What User Experience is Not
There are a lot of misconceptions about what UX is, but here are some things that we can definitely say it’s not:
- UX Design is NOT the same as UI Design. UI Design is focusing on one element of the overall experience.
- UX is NOT a simple checkbox in a process. The user experience process is an ongoing and integral part of any product. It’s something that we need to keep iterating on and improving. It’s never done, even after we ship.
- UX is NOT just about usability. Usability is but one aspect of the overall experience. We want to make products that users embrace and find desirable, but is not our only goal.
- UX is NOT one size fits all. Every project and situation will be unique and have it’s own special problems to solve. You can’t take a canned approach that can be priced the same across all projects.
- UX is NOT a choice, it’s an imperative. In order for a product to be successful, you must factor the overall experience your users will have in the end. We can write the best code and solve the most complex problems in the world, but if in the end the users can’t use it, don’t like it or don’t perceive the value then we have ALL failed. It takes EVERYONE on the team to create a solid user experience.
There are many ways in which you can engage with UX at Teleca.
Sales: From initial bid proposals where we can partner with you to help tell the Teleca UX story and what we can offer our potential clients, to helping forge a solution and wireframe concepts to use in a proposal. Please feel free to engage us as part of your pre-sales business development and strategy efforts.

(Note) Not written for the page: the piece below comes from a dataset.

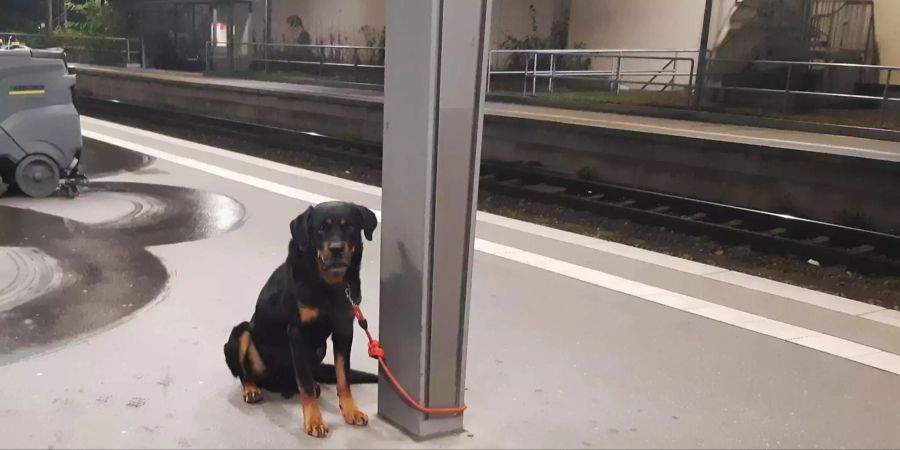Rottweiler überfordert Halter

Project Management: From the moment you have a potential project, please bring us in to discuss how we can help with requirements gathering, defining business objectives and proposing design solutions for our clients. We can help you get clearer timelines and milestone dates for your project based on current projects in the pipeline and estimated deliverables for the client.
Developers: We are here to work with you in an iterative way throughout the lifecycle of the project. If you have a question, or something just doesn’t feel right and you need a sanity check on some element of the experience, please feel free to ping us.
While this article certainly doesn’t cover the gamut of services we can provide as part of the user experience, I hope it sheds some light on how we can help make every project at Teleca a resounding success for our clients and us.